--- START ---

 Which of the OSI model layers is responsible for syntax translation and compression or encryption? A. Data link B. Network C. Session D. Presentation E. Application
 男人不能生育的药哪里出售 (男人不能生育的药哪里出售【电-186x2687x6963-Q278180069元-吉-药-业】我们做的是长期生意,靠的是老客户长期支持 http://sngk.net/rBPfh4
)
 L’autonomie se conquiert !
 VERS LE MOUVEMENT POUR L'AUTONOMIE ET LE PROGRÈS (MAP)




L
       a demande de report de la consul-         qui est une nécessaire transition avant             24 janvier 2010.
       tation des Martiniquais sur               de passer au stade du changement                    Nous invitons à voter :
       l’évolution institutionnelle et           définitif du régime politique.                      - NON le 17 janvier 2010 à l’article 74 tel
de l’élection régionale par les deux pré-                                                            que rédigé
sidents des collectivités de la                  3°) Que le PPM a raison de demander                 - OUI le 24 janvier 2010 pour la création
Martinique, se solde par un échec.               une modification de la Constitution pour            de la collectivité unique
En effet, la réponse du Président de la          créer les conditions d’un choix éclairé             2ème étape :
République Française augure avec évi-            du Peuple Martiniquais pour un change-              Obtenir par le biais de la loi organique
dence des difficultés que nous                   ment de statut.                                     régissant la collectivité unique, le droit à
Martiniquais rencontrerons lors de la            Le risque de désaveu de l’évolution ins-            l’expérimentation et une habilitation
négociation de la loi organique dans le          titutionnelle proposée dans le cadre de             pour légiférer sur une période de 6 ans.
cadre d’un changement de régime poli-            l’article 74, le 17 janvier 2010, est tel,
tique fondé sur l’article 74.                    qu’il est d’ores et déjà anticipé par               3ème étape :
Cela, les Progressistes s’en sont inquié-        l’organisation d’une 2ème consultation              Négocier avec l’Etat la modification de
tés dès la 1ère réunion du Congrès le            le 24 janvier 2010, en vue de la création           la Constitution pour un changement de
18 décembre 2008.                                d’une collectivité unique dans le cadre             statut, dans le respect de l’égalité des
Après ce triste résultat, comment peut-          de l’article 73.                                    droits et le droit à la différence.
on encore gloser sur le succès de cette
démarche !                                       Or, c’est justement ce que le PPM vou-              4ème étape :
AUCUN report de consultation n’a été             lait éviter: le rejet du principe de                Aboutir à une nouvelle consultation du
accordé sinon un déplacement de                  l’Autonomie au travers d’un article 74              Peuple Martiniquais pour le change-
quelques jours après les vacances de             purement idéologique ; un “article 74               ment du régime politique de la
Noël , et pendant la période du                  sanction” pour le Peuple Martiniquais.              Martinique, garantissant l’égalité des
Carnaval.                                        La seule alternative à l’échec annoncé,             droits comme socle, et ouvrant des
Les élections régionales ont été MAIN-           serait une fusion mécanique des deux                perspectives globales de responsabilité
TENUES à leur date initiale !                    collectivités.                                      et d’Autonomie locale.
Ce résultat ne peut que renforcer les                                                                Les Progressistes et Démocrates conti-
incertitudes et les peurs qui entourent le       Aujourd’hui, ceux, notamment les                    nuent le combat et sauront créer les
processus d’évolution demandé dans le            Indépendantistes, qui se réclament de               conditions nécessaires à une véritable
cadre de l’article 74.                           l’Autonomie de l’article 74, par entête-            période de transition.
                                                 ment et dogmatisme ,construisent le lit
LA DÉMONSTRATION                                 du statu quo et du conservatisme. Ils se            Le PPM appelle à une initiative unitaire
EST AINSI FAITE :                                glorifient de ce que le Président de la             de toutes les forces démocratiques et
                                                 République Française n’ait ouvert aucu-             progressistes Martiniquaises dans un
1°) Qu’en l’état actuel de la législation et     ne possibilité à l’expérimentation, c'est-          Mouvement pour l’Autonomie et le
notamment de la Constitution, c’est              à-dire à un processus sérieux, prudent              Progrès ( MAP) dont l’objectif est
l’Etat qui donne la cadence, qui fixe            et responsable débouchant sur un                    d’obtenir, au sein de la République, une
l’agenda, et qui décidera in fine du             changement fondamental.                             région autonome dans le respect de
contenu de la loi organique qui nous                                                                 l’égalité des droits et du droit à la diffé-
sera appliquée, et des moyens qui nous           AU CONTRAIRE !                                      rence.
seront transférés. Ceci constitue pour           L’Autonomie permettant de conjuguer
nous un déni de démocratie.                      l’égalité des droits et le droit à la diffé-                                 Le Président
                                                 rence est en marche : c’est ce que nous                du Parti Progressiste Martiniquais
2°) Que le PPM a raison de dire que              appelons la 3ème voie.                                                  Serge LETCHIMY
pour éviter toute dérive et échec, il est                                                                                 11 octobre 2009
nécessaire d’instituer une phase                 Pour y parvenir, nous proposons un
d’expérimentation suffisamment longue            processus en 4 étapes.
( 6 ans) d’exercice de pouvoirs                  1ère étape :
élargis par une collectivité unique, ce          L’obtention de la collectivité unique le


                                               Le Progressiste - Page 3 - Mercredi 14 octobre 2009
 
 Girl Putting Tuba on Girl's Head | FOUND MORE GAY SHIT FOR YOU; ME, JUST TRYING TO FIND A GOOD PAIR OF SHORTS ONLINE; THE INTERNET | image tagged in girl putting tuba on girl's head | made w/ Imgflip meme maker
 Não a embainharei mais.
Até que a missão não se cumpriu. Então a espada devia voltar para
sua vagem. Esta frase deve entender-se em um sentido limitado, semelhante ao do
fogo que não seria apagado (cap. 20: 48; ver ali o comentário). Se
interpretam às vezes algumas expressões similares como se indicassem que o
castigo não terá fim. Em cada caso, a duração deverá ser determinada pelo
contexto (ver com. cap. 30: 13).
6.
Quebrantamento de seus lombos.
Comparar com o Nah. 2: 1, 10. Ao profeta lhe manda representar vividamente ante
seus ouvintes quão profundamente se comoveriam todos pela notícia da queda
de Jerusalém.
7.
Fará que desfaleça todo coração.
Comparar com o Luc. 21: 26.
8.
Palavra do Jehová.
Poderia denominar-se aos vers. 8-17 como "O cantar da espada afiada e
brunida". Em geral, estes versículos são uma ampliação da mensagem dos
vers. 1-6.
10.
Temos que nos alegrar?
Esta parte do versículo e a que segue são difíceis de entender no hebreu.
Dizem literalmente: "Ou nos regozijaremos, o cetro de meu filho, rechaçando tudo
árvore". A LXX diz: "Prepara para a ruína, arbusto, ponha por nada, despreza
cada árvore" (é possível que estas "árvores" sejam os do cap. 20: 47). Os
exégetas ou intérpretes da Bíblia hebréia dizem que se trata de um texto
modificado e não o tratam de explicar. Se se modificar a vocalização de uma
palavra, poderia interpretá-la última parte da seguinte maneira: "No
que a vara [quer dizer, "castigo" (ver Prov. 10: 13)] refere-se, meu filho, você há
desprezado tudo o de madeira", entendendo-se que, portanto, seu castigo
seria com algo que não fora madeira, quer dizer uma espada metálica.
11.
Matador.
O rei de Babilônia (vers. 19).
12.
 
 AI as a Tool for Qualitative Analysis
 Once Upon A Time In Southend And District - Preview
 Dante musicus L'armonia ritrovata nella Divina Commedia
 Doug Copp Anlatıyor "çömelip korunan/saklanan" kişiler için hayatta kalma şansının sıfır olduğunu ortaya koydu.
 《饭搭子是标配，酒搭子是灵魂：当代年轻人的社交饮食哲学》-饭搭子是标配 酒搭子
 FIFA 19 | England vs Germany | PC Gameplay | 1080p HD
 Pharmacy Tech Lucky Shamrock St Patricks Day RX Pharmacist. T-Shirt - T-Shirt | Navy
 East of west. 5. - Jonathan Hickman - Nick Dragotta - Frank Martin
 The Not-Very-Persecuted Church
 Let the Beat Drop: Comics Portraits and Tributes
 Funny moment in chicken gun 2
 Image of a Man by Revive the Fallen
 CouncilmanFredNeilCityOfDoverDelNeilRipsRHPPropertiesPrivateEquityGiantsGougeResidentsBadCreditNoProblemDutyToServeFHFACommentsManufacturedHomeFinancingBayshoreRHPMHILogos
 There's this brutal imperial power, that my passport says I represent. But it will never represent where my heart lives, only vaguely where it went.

--- END ---

WHAT TO PRODUCE>
The required answer is the run of lines above, starting at the line with "de l’élection régionale" and ending at the line with "Cela, les Progressistes", reproduced exactly with both ends.

OUTPUT FOR THIS EXERCISE>
de l’élection régionale par les deux pré-                                                            que rédigé
sidents des collectivités de la                  3°) Que le PPM a raison de demander                 - OUI le 24 janvier 2010 pour la création
Martinique, se solde par un échec.               une modification de la Constitution pour            de la collectivité unique
En effet, la réponse du Président de la          créer les conditions d’un choix éclairé             2ème étape :
République Française augure avec évi-            du Peuple Martiniquais pour un change-              Obtenir par le biais de la loi organique
dence des difficultés que nous                   ment de statut.                                     régissant la collectivité unique, le droit à
Martiniquais rencontrerons lors de la            Le risque de désaveu de l’évolution ins-            l’expérimentation et une habilitation
négociation de la loi organique dans le          titutionnelle proposée dans le cadre de             pour légiférer sur une période de 6 ans.
cadre d’un changement de régime poli-            l’article 74, le 17 janvier 2010, est tel,
tique fondé sur l’article 74.                    qu’il est d’ores et déjà anticipé par               3ème étape :
Cela, les Progressistes s’en sont inquié-        l’organisation d’une 2ème consultation              Négocier avec l’Etat la modification de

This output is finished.